İki şiir kitabı 1963’te Sofya’da “Narodna Prosveta” Yayınevi’nde yayınlandı. Ailemiz için de kitap olayı çok biyik bir sevinçti. Bana armağan ettiği kitabında şunları yazmıştı: “Hayatımda veni yaşatan, kâh güldüren kâh kederlendiren üç varlığım var: Birincisi şiirim, ikincisi Sen Cemile, üçüncüsü iki oğlum.

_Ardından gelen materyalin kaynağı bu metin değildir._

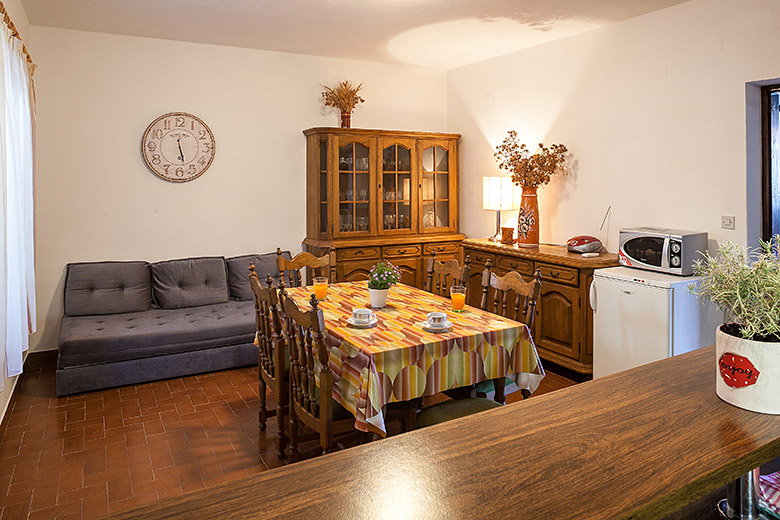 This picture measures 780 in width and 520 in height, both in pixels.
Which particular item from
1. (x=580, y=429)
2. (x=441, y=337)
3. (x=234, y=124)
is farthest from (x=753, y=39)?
(x=234, y=124)

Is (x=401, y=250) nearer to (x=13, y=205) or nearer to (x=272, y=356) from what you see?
(x=272, y=356)

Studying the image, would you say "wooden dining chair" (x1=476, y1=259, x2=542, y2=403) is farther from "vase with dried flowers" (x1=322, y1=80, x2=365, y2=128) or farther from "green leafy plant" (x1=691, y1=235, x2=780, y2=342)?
"vase with dried flowers" (x1=322, y1=80, x2=365, y2=128)

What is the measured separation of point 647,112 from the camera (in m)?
4.20

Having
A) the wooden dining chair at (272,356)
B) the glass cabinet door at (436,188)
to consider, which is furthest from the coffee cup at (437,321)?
the glass cabinet door at (436,188)

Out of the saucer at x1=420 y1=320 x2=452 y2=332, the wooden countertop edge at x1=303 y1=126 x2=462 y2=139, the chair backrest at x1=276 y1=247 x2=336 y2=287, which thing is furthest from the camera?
the wooden countertop edge at x1=303 y1=126 x2=462 y2=139

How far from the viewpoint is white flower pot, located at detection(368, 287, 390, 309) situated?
3.19 m

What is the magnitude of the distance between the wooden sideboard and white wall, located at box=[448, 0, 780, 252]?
50 cm

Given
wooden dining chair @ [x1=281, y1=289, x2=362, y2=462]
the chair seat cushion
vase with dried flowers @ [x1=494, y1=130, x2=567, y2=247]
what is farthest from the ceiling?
the chair seat cushion

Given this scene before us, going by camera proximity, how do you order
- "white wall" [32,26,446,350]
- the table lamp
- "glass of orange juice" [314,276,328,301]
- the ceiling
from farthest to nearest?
1. the table lamp
2. "white wall" [32,26,446,350]
3. the ceiling
4. "glass of orange juice" [314,276,328,301]

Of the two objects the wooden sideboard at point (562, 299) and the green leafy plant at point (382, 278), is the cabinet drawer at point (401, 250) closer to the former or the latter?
the wooden sideboard at point (562, 299)

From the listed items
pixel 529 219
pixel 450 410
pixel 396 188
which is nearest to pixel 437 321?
pixel 450 410

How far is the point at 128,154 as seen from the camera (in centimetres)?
498

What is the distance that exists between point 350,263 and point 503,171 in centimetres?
175

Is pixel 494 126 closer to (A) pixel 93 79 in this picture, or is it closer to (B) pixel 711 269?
(A) pixel 93 79
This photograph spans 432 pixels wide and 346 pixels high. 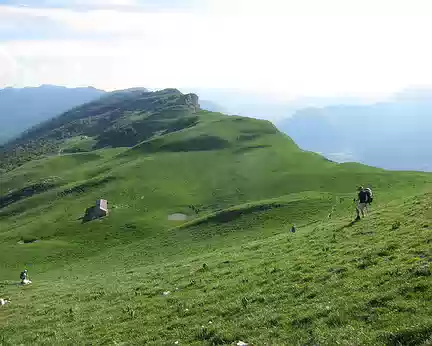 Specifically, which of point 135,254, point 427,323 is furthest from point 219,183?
point 427,323

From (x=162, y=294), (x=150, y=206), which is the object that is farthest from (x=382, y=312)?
(x=150, y=206)

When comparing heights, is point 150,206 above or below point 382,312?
below

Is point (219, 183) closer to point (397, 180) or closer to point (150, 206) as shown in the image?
point (150, 206)

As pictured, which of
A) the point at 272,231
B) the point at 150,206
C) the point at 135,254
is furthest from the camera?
the point at 150,206

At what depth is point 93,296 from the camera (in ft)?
107

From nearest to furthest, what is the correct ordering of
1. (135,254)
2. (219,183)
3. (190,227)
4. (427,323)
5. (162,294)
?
1. (427,323)
2. (162,294)
3. (135,254)
4. (190,227)
5. (219,183)

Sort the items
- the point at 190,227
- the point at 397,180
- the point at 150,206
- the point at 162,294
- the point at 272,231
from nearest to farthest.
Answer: the point at 162,294, the point at 272,231, the point at 190,227, the point at 397,180, the point at 150,206

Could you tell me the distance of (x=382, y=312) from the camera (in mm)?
15516

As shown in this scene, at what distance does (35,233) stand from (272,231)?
64.0 metres

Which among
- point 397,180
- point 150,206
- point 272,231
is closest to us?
point 272,231

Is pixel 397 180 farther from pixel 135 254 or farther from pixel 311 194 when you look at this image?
pixel 135 254

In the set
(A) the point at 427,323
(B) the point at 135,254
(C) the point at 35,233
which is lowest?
(C) the point at 35,233

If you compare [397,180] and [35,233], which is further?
[35,233]

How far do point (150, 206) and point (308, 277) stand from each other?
3363 inches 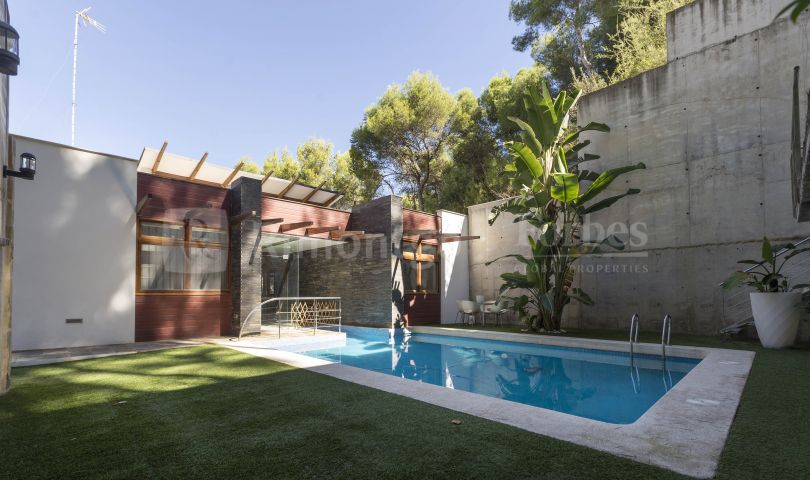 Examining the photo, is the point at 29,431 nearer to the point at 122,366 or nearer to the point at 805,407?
the point at 122,366

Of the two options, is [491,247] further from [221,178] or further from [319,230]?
[221,178]

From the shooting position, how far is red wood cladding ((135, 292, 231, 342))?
9.05m

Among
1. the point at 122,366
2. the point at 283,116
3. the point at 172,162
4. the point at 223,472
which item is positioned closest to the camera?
the point at 223,472

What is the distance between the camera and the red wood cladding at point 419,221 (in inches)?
554

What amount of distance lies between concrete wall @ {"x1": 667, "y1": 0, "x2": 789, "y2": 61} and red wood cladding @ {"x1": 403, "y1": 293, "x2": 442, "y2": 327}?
30.8 ft

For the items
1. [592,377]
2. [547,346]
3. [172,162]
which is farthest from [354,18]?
[592,377]

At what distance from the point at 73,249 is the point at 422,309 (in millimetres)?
9304

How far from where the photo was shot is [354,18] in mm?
19422

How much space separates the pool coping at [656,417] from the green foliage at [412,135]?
1629cm

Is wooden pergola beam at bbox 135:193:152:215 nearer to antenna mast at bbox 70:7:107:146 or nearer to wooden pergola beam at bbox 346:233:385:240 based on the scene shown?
wooden pergola beam at bbox 346:233:385:240

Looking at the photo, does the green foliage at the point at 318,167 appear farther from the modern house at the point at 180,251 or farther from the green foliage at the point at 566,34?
the green foliage at the point at 566,34

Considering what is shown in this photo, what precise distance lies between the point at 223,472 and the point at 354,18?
20398mm

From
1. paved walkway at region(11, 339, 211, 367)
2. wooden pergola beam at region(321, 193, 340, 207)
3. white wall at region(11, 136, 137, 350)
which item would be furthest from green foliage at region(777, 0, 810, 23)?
wooden pergola beam at region(321, 193, 340, 207)

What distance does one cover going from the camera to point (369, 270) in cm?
1370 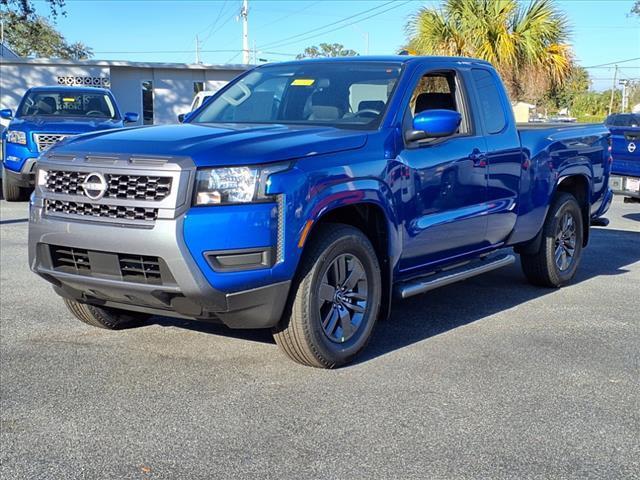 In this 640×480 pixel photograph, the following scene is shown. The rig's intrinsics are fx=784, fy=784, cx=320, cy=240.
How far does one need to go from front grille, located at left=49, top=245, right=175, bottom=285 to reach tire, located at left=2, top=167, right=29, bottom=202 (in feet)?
31.4

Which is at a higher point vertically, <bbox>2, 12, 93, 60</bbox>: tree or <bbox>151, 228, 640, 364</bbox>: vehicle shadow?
<bbox>2, 12, 93, 60</bbox>: tree

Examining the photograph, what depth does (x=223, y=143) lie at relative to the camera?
14.3 ft

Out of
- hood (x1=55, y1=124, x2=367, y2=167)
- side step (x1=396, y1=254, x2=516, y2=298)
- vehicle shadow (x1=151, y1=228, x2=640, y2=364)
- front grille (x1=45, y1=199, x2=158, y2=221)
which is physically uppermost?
hood (x1=55, y1=124, x2=367, y2=167)

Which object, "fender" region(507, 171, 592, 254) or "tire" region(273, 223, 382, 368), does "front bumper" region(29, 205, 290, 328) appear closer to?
"tire" region(273, 223, 382, 368)

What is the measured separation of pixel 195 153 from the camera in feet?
13.7

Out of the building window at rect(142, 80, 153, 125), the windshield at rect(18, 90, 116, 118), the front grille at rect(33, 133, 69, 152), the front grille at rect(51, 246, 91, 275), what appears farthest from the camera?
the building window at rect(142, 80, 153, 125)

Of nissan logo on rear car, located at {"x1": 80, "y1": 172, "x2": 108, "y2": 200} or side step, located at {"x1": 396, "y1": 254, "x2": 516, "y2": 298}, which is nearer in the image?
nissan logo on rear car, located at {"x1": 80, "y1": 172, "x2": 108, "y2": 200}

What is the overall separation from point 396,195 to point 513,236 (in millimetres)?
1956

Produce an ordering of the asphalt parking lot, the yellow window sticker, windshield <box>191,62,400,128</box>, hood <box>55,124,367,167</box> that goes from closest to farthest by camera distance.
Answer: the asphalt parking lot
hood <box>55,124,367,167</box>
windshield <box>191,62,400,128</box>
the yellow window sticker

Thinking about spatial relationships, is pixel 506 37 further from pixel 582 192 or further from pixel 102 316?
pixel 102 316

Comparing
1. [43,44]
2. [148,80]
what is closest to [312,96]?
[148,80]

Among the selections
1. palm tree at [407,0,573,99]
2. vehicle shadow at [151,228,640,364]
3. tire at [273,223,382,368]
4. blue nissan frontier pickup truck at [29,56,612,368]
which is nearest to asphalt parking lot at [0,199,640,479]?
vehicle shadow at [151,228,640,364]

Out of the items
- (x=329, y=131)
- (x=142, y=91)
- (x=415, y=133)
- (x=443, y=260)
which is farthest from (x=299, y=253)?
(x=142, y=91)

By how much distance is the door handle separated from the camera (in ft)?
19.1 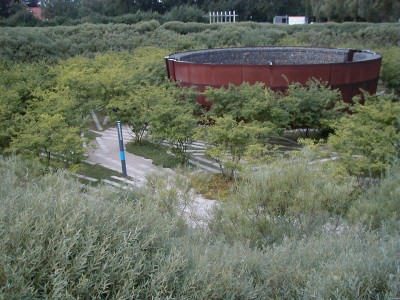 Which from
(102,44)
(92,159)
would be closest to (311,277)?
(92,159)

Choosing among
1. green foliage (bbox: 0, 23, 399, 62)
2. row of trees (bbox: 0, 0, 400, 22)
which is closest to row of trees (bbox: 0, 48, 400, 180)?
green foliage (bbox: 0, 23, 399, 62)

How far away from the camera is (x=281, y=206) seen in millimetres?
6188

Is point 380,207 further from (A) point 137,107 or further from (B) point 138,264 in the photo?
(A) point 137,107

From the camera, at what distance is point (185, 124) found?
11172 mm

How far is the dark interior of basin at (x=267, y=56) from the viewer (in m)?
18.7

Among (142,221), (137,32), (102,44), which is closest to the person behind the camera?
(142,221)

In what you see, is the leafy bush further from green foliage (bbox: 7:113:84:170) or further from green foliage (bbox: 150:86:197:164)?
green foliage (bbox: 150:86:197:164)

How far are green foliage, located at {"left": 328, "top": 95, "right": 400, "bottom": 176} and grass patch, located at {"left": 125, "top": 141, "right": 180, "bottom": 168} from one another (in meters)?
4.06

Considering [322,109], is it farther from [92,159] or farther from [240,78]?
[92,159]

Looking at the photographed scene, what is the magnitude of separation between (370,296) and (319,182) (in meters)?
3.27

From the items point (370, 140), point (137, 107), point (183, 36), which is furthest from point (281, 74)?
point (183, 36)

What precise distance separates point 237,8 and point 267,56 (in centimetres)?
3082

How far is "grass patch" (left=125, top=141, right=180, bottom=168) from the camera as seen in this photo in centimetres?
1166

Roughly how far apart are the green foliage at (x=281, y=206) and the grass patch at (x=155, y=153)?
5.21 m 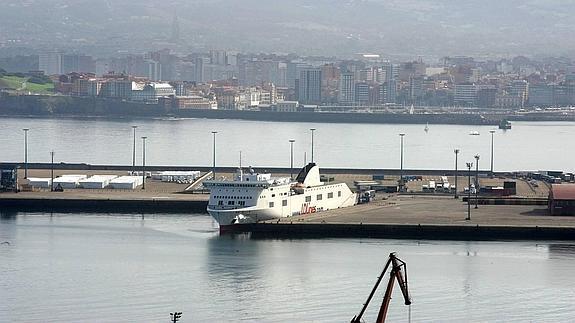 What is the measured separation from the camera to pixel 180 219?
20734 millimetres

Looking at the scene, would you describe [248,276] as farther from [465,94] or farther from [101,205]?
[465,94]

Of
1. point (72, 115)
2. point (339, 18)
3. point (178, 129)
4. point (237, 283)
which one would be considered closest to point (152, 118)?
point (72, 115)

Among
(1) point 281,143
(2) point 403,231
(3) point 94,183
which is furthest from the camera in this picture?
(1) point 281,143

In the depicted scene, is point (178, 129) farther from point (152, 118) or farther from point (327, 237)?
point (327, 237)

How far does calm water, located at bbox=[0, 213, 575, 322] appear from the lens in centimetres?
1397

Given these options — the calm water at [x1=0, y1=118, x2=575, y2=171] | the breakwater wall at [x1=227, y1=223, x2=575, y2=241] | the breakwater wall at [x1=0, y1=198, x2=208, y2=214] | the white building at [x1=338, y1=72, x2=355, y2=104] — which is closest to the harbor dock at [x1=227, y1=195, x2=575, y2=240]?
the breakwater wall at [x1=227, y1=223, x2=575, y2=241]

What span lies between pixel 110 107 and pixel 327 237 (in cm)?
3860

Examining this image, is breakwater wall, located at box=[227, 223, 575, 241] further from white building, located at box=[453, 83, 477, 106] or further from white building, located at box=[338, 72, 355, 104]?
white building, located at box=[338, 72, 355, 104]

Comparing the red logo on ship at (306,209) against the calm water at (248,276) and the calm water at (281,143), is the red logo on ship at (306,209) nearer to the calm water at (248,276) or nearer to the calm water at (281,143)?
the calm water at (248,276)

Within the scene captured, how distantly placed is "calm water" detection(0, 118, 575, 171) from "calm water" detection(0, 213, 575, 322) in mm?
11715

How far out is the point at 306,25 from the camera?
114 meters

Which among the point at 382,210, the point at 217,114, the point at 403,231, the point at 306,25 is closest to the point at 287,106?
the point at 217,114

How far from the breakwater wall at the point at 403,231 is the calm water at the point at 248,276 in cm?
35

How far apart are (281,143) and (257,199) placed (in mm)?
18942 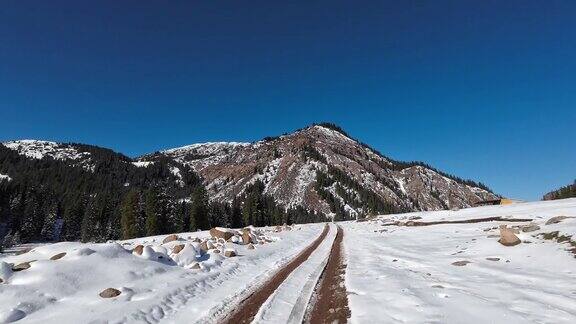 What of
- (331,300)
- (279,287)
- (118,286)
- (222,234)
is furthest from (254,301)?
(222,234)

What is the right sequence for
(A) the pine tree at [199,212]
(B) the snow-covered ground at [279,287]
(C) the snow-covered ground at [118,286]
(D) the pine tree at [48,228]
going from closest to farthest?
(B) the snow-covered ground at [279,287] < (C) the snow-covered ground at [118,286] < (A) the pine tree at [199,212] < (D) the pine tree at [48,228]

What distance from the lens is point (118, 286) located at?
44.0ft

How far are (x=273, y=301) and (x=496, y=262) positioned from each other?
1310cm

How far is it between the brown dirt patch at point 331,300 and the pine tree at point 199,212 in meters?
72.1

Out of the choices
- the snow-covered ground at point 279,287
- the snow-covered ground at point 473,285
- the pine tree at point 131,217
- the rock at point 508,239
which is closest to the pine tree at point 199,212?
the pine tree at point 131,217

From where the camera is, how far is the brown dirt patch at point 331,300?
10422 mm

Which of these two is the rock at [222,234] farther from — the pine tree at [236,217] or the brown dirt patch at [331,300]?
the pine tree at [236,217]

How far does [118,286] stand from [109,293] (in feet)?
4.15

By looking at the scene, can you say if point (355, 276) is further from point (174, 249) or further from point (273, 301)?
point (174, 249)

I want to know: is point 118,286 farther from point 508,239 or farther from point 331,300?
point 508,239

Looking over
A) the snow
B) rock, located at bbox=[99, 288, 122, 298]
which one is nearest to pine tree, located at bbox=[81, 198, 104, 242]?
the snow

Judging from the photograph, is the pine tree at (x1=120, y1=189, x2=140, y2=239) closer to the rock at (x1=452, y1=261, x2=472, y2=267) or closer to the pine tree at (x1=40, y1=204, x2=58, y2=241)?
the pine tree at (x1=40, y1=204, x2=58, y2=241)

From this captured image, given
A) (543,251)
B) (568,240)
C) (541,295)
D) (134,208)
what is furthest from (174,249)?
(134,208)

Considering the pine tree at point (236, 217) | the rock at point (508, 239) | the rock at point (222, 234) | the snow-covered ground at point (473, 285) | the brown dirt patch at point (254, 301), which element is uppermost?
the pine tree at point (236, 217) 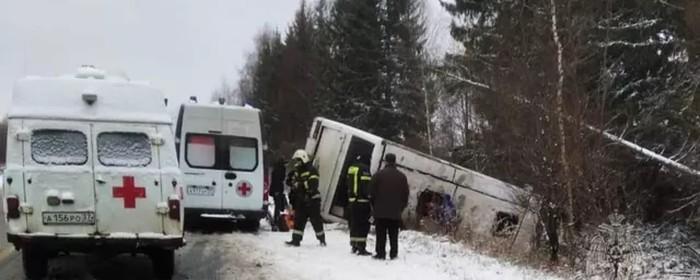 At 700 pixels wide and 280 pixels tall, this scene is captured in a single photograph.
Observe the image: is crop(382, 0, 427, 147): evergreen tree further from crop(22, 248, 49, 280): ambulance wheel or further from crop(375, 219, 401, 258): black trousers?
crop(22, 248, 49, 280): ambulance wheel

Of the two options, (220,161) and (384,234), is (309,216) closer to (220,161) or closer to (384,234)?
(384,234)

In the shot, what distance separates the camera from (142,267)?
11.8 meters

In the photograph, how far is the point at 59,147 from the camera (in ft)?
32.4

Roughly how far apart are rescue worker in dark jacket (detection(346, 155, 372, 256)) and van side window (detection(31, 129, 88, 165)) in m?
Result: 4.55

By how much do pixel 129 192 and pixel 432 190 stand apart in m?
9.53

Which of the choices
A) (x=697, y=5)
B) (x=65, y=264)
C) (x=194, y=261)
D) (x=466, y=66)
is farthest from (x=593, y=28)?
(x=65, y=264)

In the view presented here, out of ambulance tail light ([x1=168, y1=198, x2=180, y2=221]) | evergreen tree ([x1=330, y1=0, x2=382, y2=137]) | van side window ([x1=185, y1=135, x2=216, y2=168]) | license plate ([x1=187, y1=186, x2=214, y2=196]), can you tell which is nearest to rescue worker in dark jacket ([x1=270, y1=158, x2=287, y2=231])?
license plate ([x1=187, y1=186, x2=214, y2=196])

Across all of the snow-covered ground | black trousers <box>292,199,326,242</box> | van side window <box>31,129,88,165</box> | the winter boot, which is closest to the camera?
van side window <box>31,129,88,165</box>

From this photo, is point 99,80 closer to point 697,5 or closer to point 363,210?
point 363,210

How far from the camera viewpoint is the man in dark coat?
12247 millimetres

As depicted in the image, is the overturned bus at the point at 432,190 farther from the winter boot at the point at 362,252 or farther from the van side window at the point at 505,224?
the winter boot at the point at 362,252

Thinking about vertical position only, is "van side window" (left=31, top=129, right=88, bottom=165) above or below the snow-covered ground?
above

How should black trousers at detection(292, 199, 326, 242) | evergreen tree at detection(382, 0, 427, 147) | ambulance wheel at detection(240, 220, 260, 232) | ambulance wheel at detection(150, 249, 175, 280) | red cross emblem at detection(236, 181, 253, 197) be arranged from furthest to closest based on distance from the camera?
1. evergreen tree at detection(382, 0, 427, 147)
2. ambulance wheel at detection(240, 220, 260, 232)
3. red cross emblem at detection(236, 181, 253, 197)
4. black trousers at detection(292, 199, 326, 242)
5. ambulance wheel at detection(150, 249, 175, 280)

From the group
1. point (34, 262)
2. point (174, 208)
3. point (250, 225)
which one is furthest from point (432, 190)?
point (34, 262) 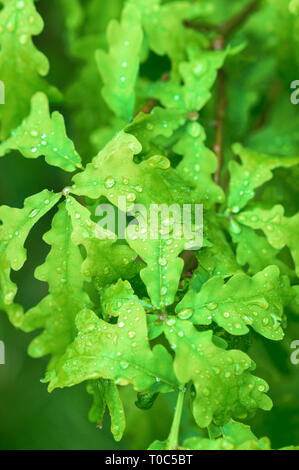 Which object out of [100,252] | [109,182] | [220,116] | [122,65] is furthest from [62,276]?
[220,116]

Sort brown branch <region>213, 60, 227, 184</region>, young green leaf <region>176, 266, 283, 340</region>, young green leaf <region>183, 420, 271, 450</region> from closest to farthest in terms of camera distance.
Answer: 1. young green leaf <region>183, 420, 271, 450</region>
2. young green leaf <region>176, 266, 283, 340</region>
3. brown branch <region>213, 60, 227, 184</region>

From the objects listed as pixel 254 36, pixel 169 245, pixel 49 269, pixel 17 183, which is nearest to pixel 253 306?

Bu güldestem sana en samimi yadigârım olsun… Onun meydana gelişinde benim kadar sen de heyecanlandın, üzüldün ve sevindin…”

Dört yıl sonra, yani 1967’de ikinci şiir kitabı “Ötesi düş değil” (ilki “Ötesi Var” dı) yayınlandı. Kitabın baş redaktörü ivan Kazanciev sunuş yazısında şöyle bir değerlendirme yapmıştı: “Ötesi var” demişti şair. İşte devamı geldi. Bu Recep Küpçü’nün ilk yaşantılarının devamı ve sanattaki yüksek merdivenin ikinci basamağıdır. Aynı zamanda hayatta bizzat yarattıkları olumsuzlukların cezasına “düş olsun” gözüyle bakanlara toplu bir cevabıdır. Şair şiirlerin özüne yüreğinin olanca sıcaklığını vermiş ve biçmi anlayışını, çok iyi bir şekilde uygulamasını ustaca becermiş. Söz oyunlarından uzak kalmış. Ve gerçeğikendi renkleriyle anlatmıştır.”
Kitabın basılışı diğer yazar arkadaşını da sevindirmişti. Onların da kitapları basılıyordu. Her kitabın basılışı onlar için büyük bir sevinçti. Ve bu sevinci aralarında hep böyle paylaşıyorlardı.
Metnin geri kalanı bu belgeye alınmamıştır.